Energy efficiency programs may be given an energy savings goal to meet. What are the most cost-effective ways to achieve those savings?

Home performance contractors are called upon to answer questions like these. There is now a tool that can answer these questions at various scales—national, state, and local (see “Example Applications”). ResStock, a residential building stock model, is a newly available public domain tool created at the National Renewable Energy Laboratory (NREL) to inform residential energy efficiency upgrades and program design. ResStock can assess the technical and economic potential of upgrades across fuel types—electricity, natural gas, propane, and fuel oil. Various cost-effectiveness thresholds can be used to evaluate economic potential in ResStock. Examples include net present value, simple payback period, savings-to-investment ratio, and utility program cost-benefit tests.

Example Applications

ResStock analysis can be used to answer questions for a variety of applications:

Home Performance Contractors and Manufacturers

What replacement equipment best meets our three goals
of affordability, energy efficiency, and comfort?

How does market size for our technology vary regionally?

States and Local Communities

What key upgrades by house type are prevalent in our state
or city?

How can we optimize incentive programs to make upgrades more appealing to residents?

How large a role can buildings play in meeting our state’s or city’s energy or emissions goals?

Utilities

Which targeted energy efficiency improvements based on each segment of housing stock pass cost-effectiveness tests?

Which energy efficiency measures and distributed energy
resources are best for relieving grid congestion? Which ones are best for facilitating more variable energy resources on the grid?

Development of ResStock began in 2013 for DOE and has benefited from partnerships with the Bonneville Power Administration; U.S. Environmental Protection Agency; Tendril; the City of Boulder, Colorado; and Radiant Labs. Currently, ResStock can assess the energy efficiency potential of single-family detached homes, but work is under way to expand that capability to include single-family attached homes and low-rise multifamily buildings.

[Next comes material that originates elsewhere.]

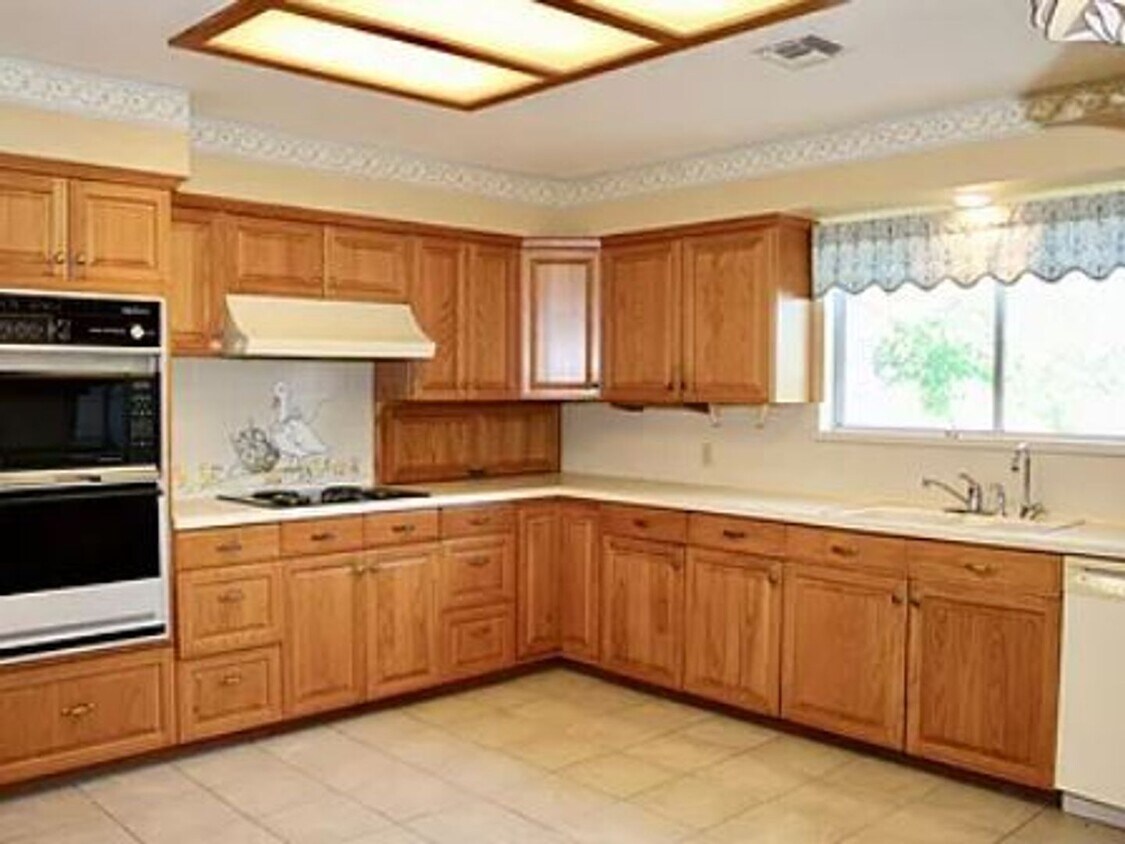 Foto del edificio - FOR LEASE!!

Although ResStock is a relatively new tool, it has already been used for a number of analyses with real-world implications. ResStock was used to evaluate cost-effective energy efficiency potential in the U.S. single-family housing stock for DOE’s Office of Energy Policy and Systems Analysis. This analysis informed DOE’s Quadrennial Energy Review Second Installment: Transforming the Nation’s Electricity System (2017) and resulted in a comprehensive set of maps, tables, and figures showing the technical and economic potential of 50+ residential energy efficiency upgrades and packages for the 48 contiguous states, with the potential to save consumers $49 billion annually.

The Home Improvement Catalyst (HI-Cat) is a new initiative by the DOE Building Technologies Office. It focuses on high-impact opportunities to achieve energy savings in home improvements already planned by homeowners. The designers of this initiative used ResStock to evaluate the cost-effective savings potential of home improvement packages centered on various building trades.

Ways to Benefit

ResStock is open source and free to use for your own analysis.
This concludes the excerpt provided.